Gemäß § 28. Abs. 3 VwGVG kann das Bundesverwaltungsgericht den angefochtenen Bescheid mit Beschluss aufheben und zur Erlassung eines neuen Bescheide an die Behörde zurückverweisen, wenn die Behörde notwendige Ermittlungen des Sachverhalts unterlassen hat. Die Behörde ist hiebei an die rechtliche Beurteilung gebunden, von welcher das Verwaltungsgericht bei seinem Beschluss ausgegangen ist (§ 28 Abs. 3 letzter Satz VwGVG).
In Anbetracht der Komplexität der Bezug habenden Beihilferegelung und des technischen Charakters der Entscheidung über die aus dem neuen Sachverhalt notwendigen Berechnungen läge eine Feststellung des maßgeblichen Sachverhalts durch das Bundesverwaltungsgericht weder im Interesse der Raschheit noch wäre diese mit einer Kostenersparnis verbunden (§ 28 Abs. 2 VwGVG). Vielmehr dient die Zurückverweisung der Angelegenheit einer raschen und kostensparenden Vervollständigung des neuen Sachverhalts (vgl. dazu VwGH 26.04.2016, Ro 2015/03/0038; 26.06.2014, Ro 2014/03/0063; 17.02.2015, Ra 2014/09/0027).
Aus diesen Gründen war spruchgemäß zu entscheiden, der angefochtene Bescheid zu beheben und die Angelegenheit zur Erlassung eines neuen Bescheides an die Behörde zurückzuverweisen.

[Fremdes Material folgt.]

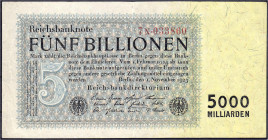 Die deutschen Banknoten ab 1871 nach Rosenberg
Deutsches Reich, 1871-1945
5 Bio. Mark 1.11.1923. Reichsdruck. KN 6-stellig, FZ: N. III, selten. Rose...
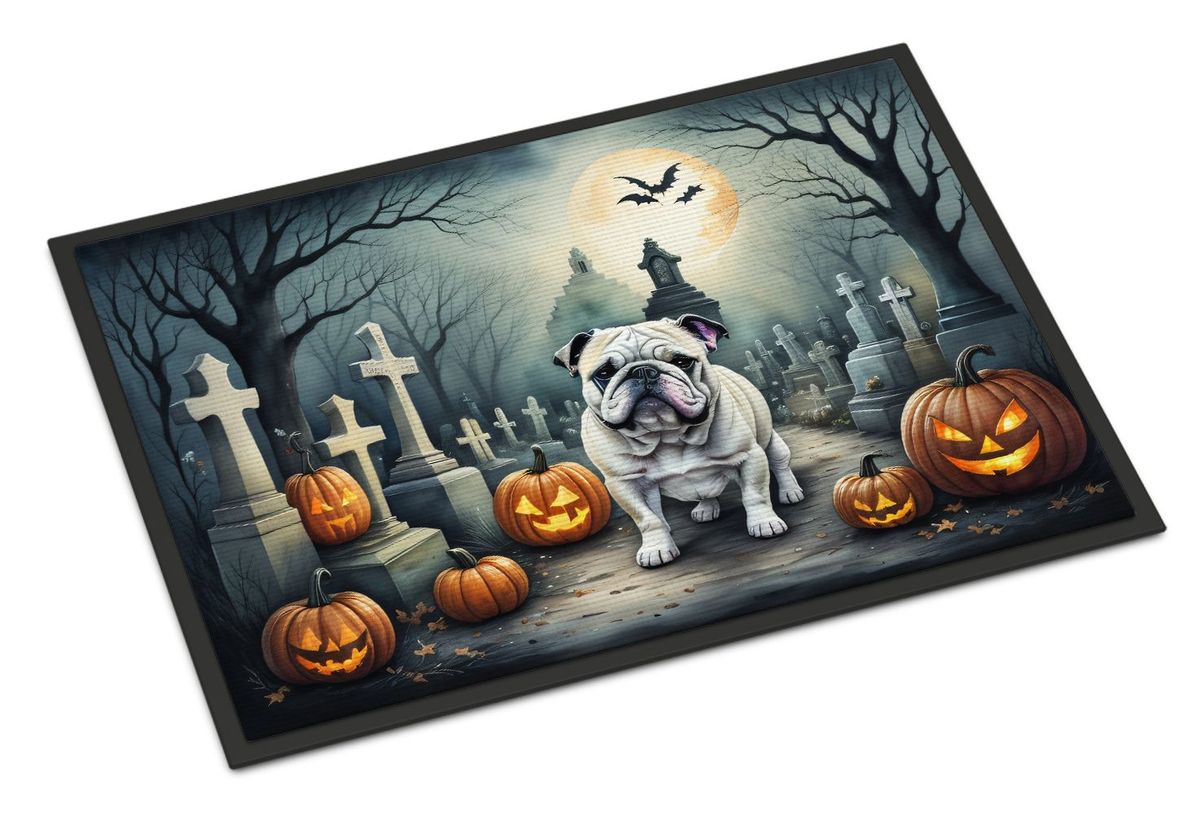 English Bulldog Spooky Halloween Doormat Front Door Mat Indoor Outdoor Rugs For Entryway, Non Slip Washable Low Pile, 24H X 36W_maomaolike.com
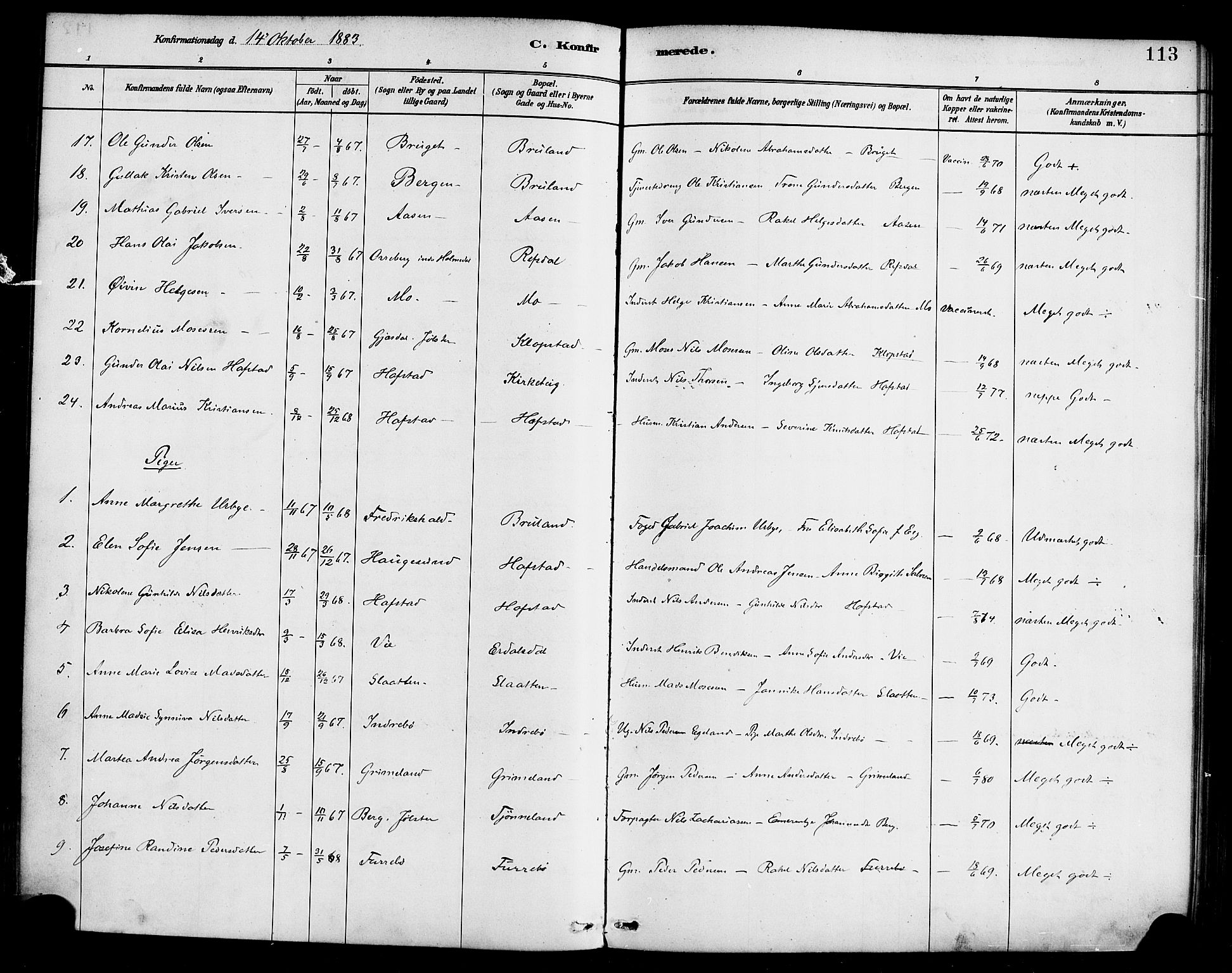 Førde sokneprestembete, SAB/A-79901/H/Haa/Haab/L0001: Parish register (official) no. B 1, 1880-1898, p. 113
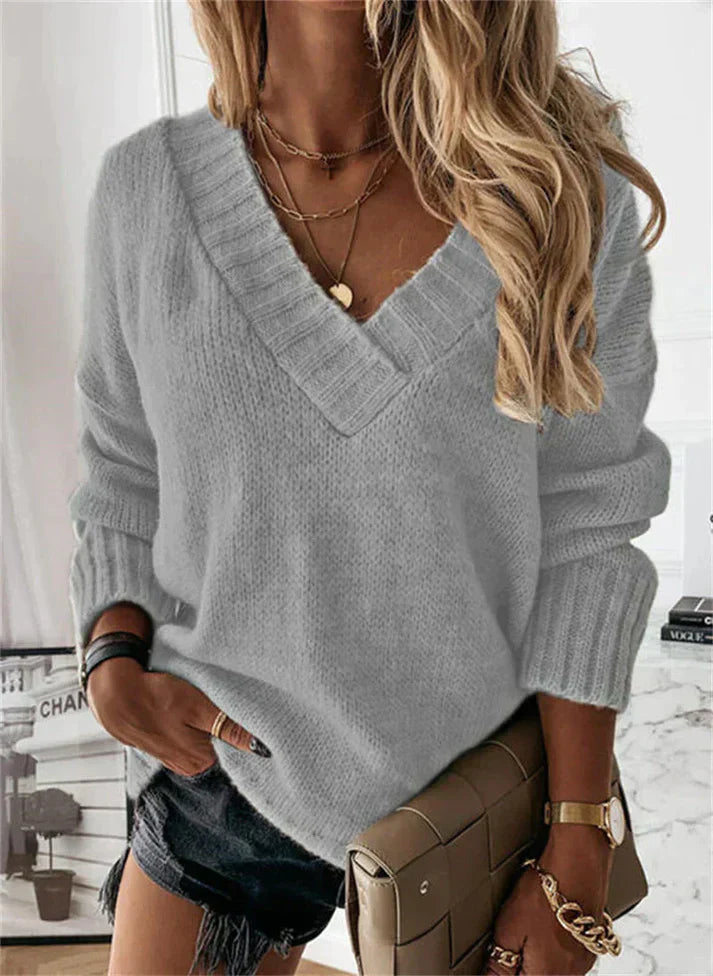 Billie - Jersey de punto suave con cuello de pico para mujer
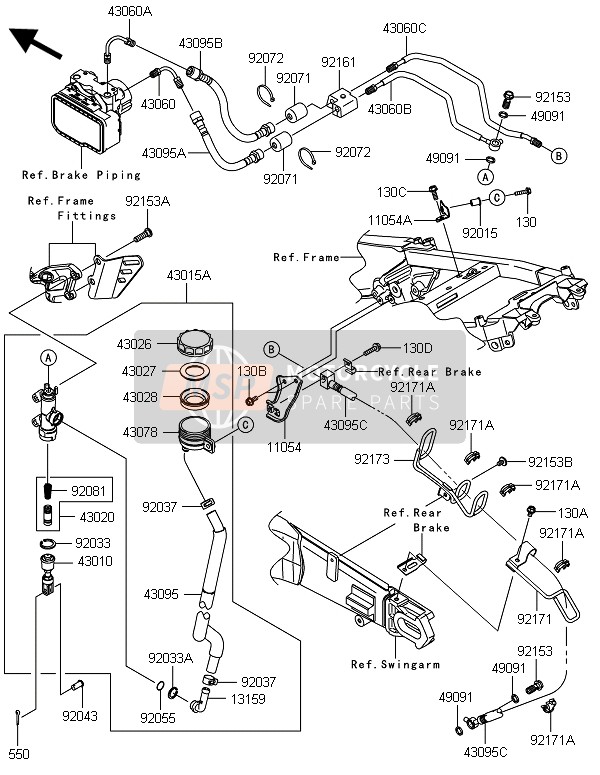 Kawasaki ZZR1400 ABS 2014 Maître-cylindre arrière pour un 2014 Kawasaki ZZR1400 ABS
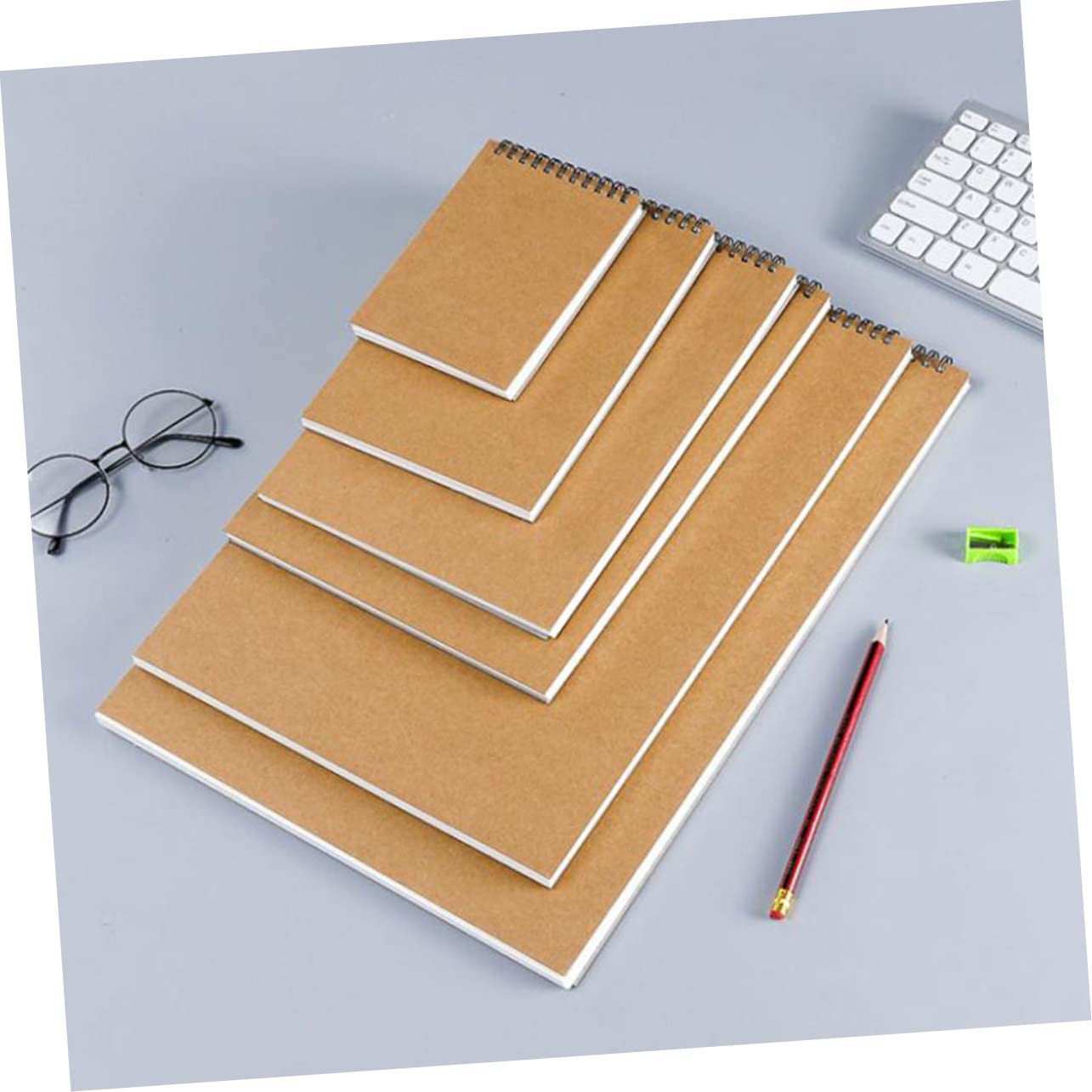 Zeichenblock für Schüler und Künstler 2 Stück mit Spiralbindung Khaki | Papier, Leere Seiten für Skizzen und Zeichnungen, Reißbar, für Reisetagebuch und Kreative Notizen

3.3. Zu B) zur Unzulässigkeit der Revision:
Die Revision ist gemäß Art. 133 Abs. 4 B-VG nicht zulässig, weil die Entscheidung nicht von der Lösung einer Rechtsfrage abhängt, der grundsätzliche Bedeutung zukommt. Weder weicht die gegenständliche Entscheidung von der bisherigen Rechtsprechung des Verwaltungsgerichtshofes ab noch fehlt es an einer Rechtsprechung (zur Zurückverweisung durch das Bundesverwaltungsgericht vgl. VwGH 26.04.2016, Ro 2015/03/0038; 26.06.2014, Ro 2014/03/0063; 17.02.2015, Ra 2014/09/0027).
Die Revision ist nicht zulässig, da im gegenständlichen Verfahren keine Rechtsfrage zu lösen war, der im Sinne des Art. 133 Abs. 4 B-VG grundsätzliche Bedeutung zukommt. Die Grundlage der Zurückverweisungsentscheidung sind ausschließlich Tatsachenfragen im konkreten Einzelfall.